## Task instructions:
Retype each line below precisely and omit all images.

[Scraped caption text data]

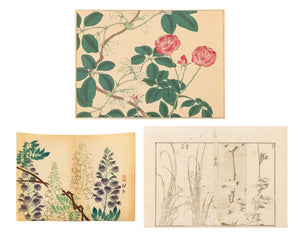 Japanese School Botanical Woodblock Prints, 3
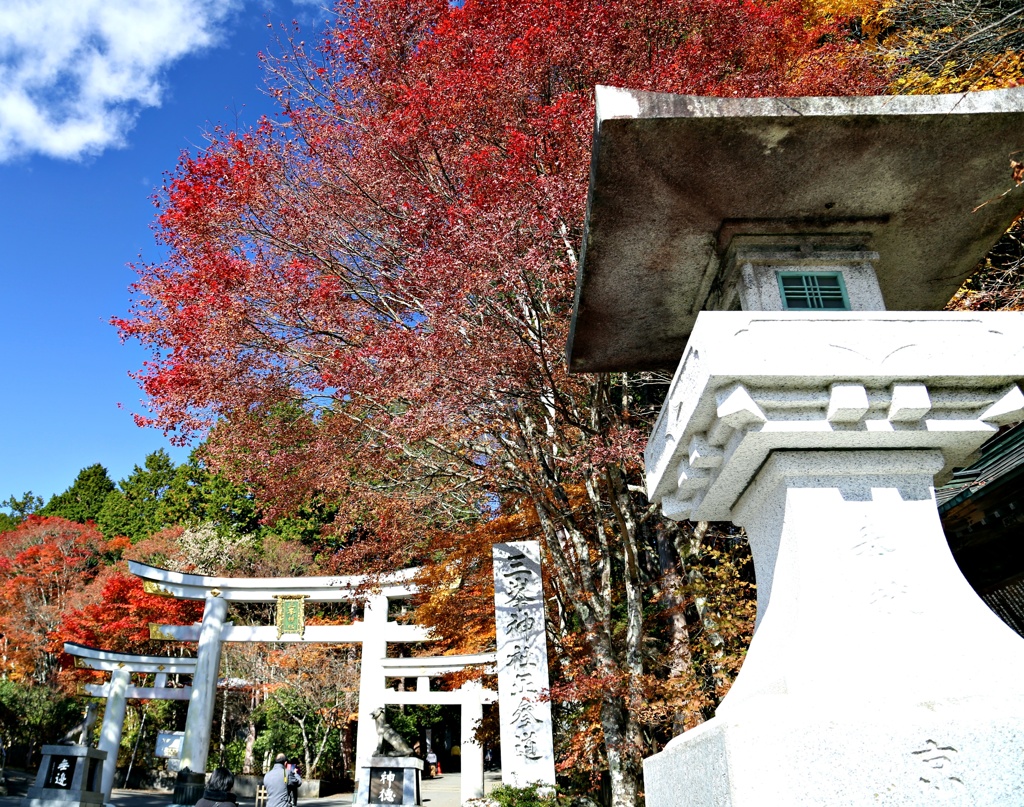 三峯神社鳥居①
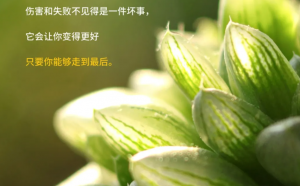 请为这个今天加油而努力!-早安心语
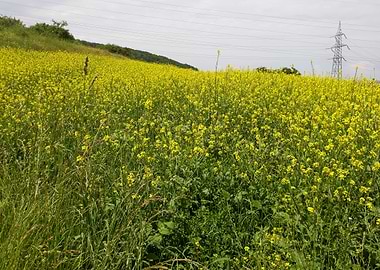 Canola field landscape
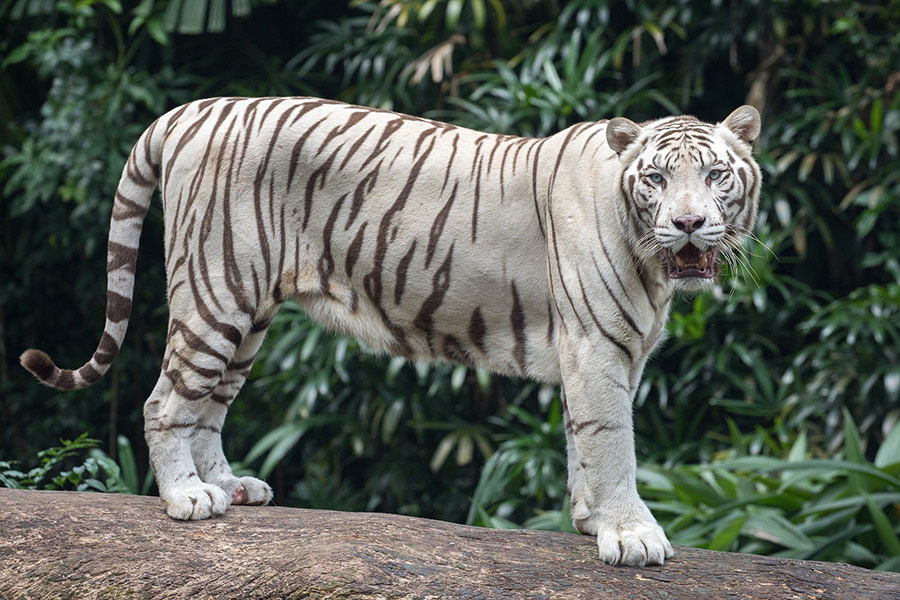 White tiger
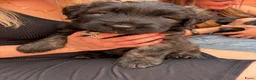 Kruising honden te koop: Bouvier pupjes  in Luyksgestel - Advertentie 5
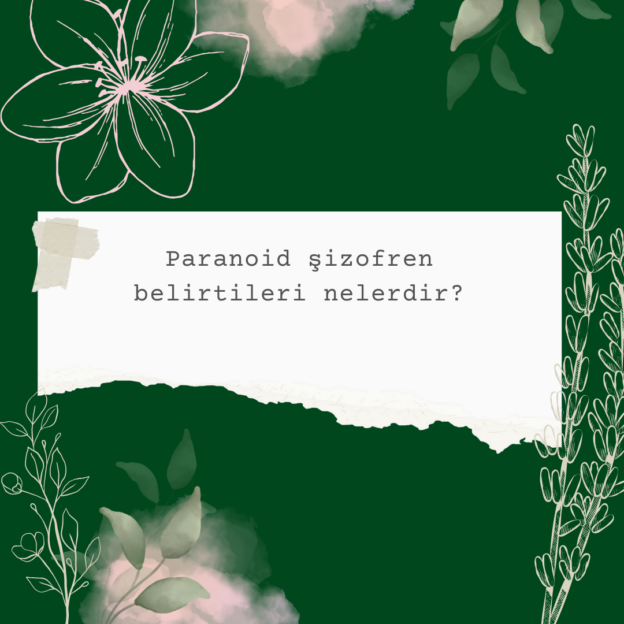 Paranoid şizofren belirtileri nelerdir? 4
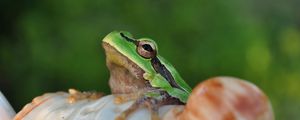 Preview wallpaper frog, face, sitting, light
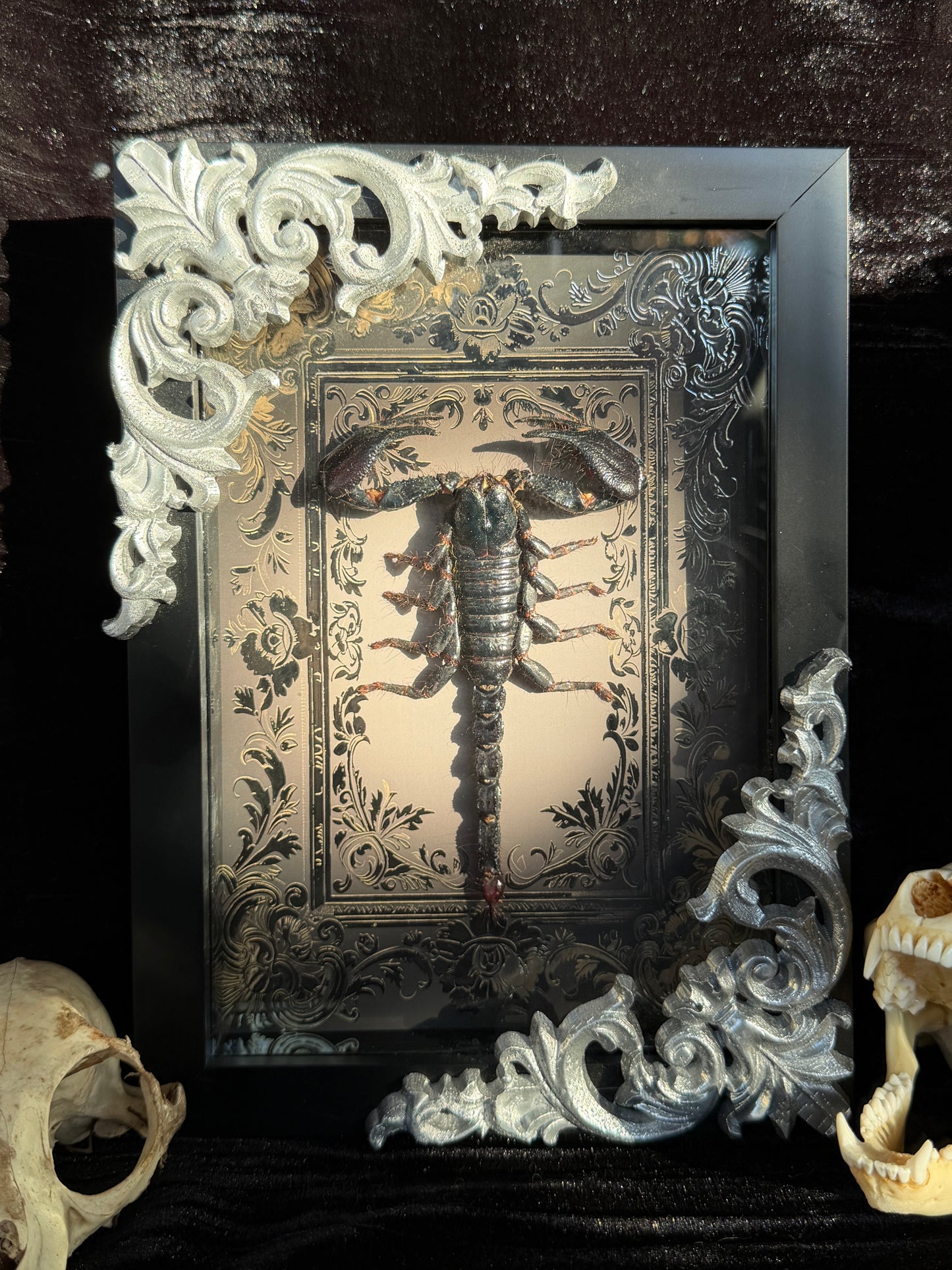 Forest Scorpion - Genus Heterometrus Frames Specimen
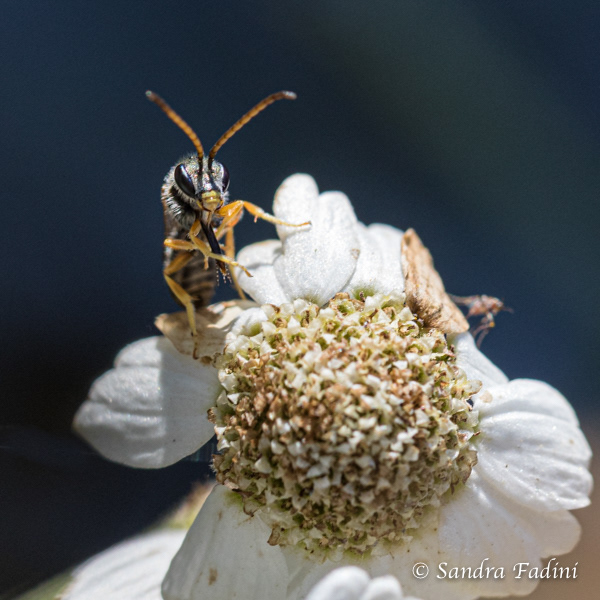 Gemeine Furchenbiene (Lasioglossum calceatum) 03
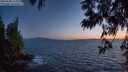 ./images/koeye/fitz-hugh/20250608/fitz-hugh20250608_223508M.jpg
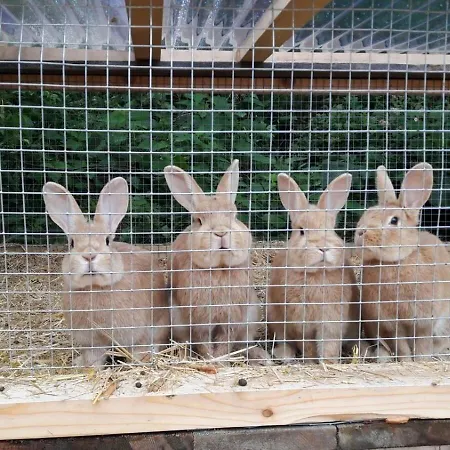 Parseier קאונרטל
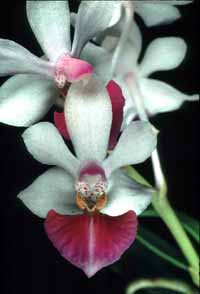 Phalaenopsis Anna-Larati Soekardi by O.Gruss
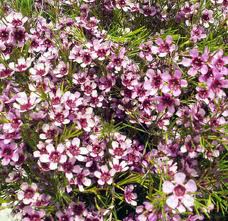 LHF2010/waxflower.pink.jpg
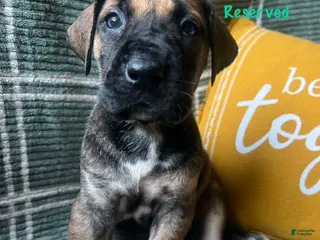 Great Dane dogs Calamity Jane - Ad 36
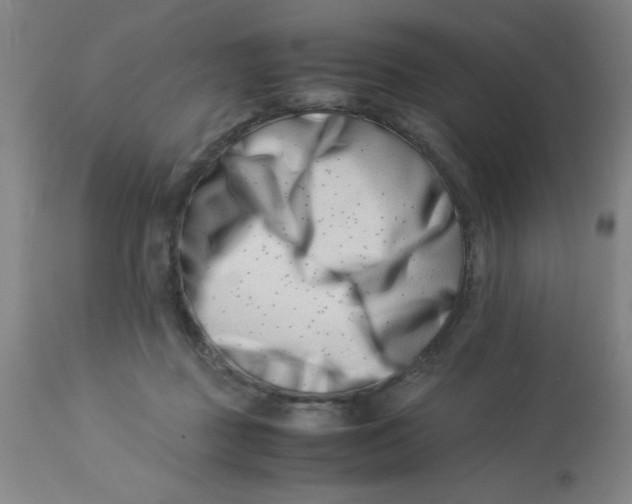 X0000112870363200909181830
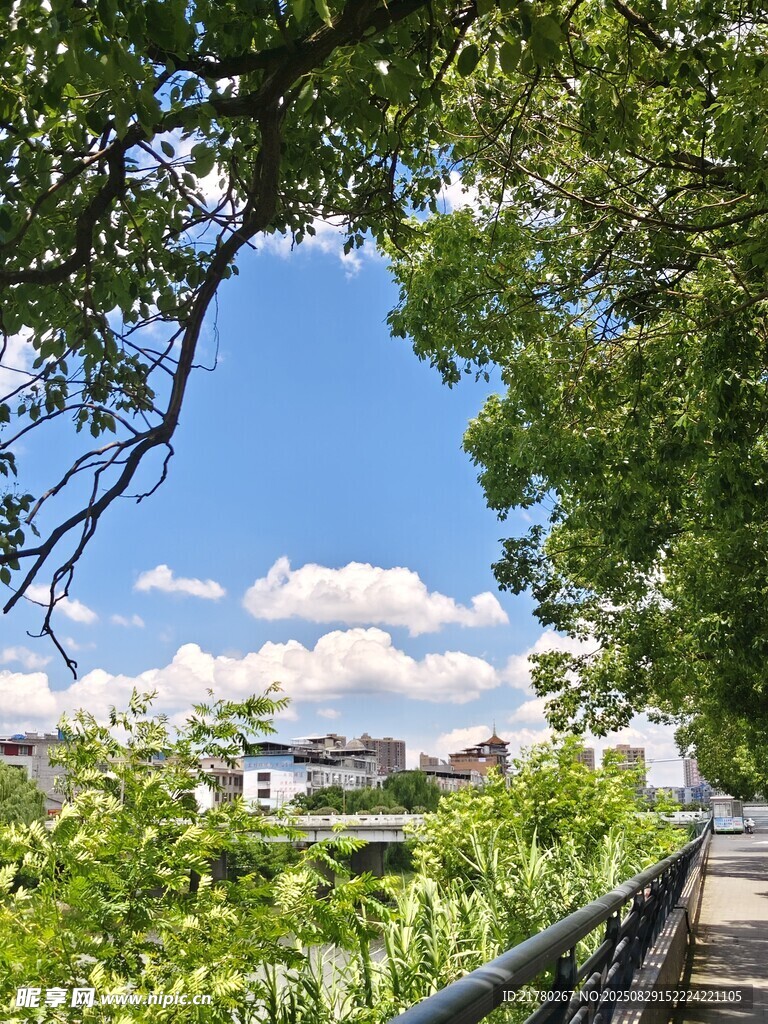 绿荫下的河畔步道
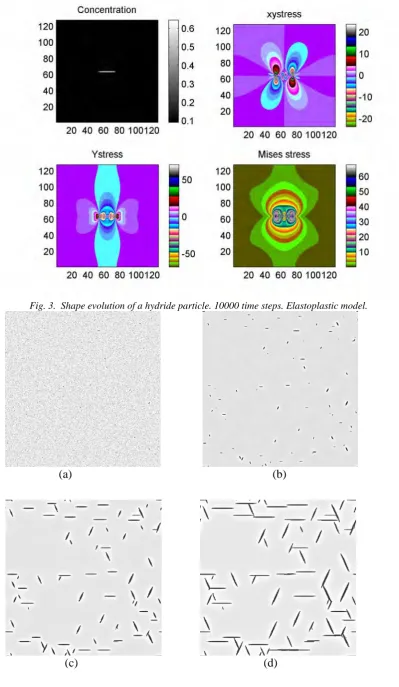 Fig. 3.  Shape evolution of a hydride particle. 10000 time steps. Elastoplastic model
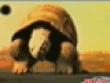 Funny videos : Tortuga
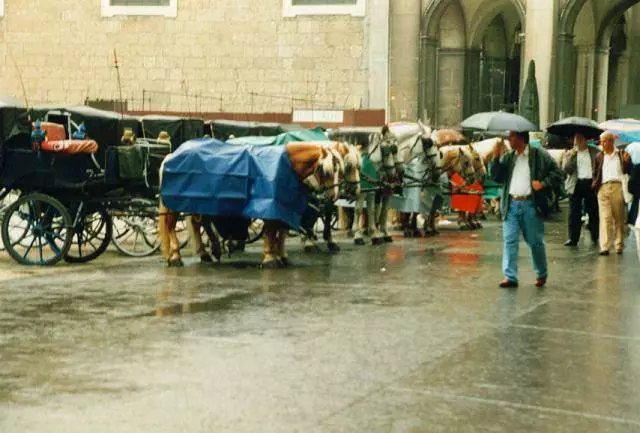 Τι ώρα είναι καλύτερο να ξεκουραστείτε στο Σάλτσμπουργκ; 8565_1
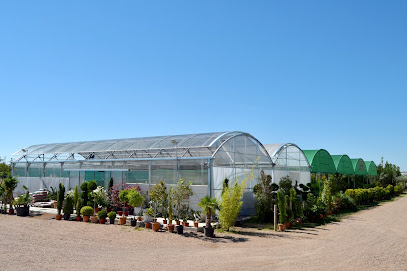 Técnica Verde Zamora - Opiniones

## Response to this task:
 Japanese School Botanical Woodblock Prints, 3
 三峯神社鳥居①
 请为这个今天加油而努力!-早安心语
 Canola field landscape
 White tiger
 Kruising honden te koop: Bouvier pupjes  in Luyksgestel - Advertentie 5
 Paranoid şizofren belirtileri nelerdir? 4
 Preview wallpaper frog, face, sitting, light
 Forest Scorpion - Genus Heterometrus Frames Specimen
 Gemeine Furchenbiene (Lasioglossum calceatum) 03
 ./images/koeye/fitz-hugh/20250608/fitz-hugh20250608_223508M.jpg
 Parseier קאונרטל
 Phalaenopsis Anna-Larati Soekardi by O.Gruss
 LHF2010/waxflower.pink.jpg
 Great Dane dogs Calamity Jane - Ad 36
 X0000112870363200909181830
 绿荫下的河畔步道
 Fig. 3.  Shape evolution of a hydride particle. 10000 time steps. Elastoplastic model
 Funny videos : Tortuga
 Τι ώρα είναι καλύτερο να ξεκουραστείτε στο Σάλτσμπουργκ; 8565_1
 Técnica Verde Zamora - Opiniones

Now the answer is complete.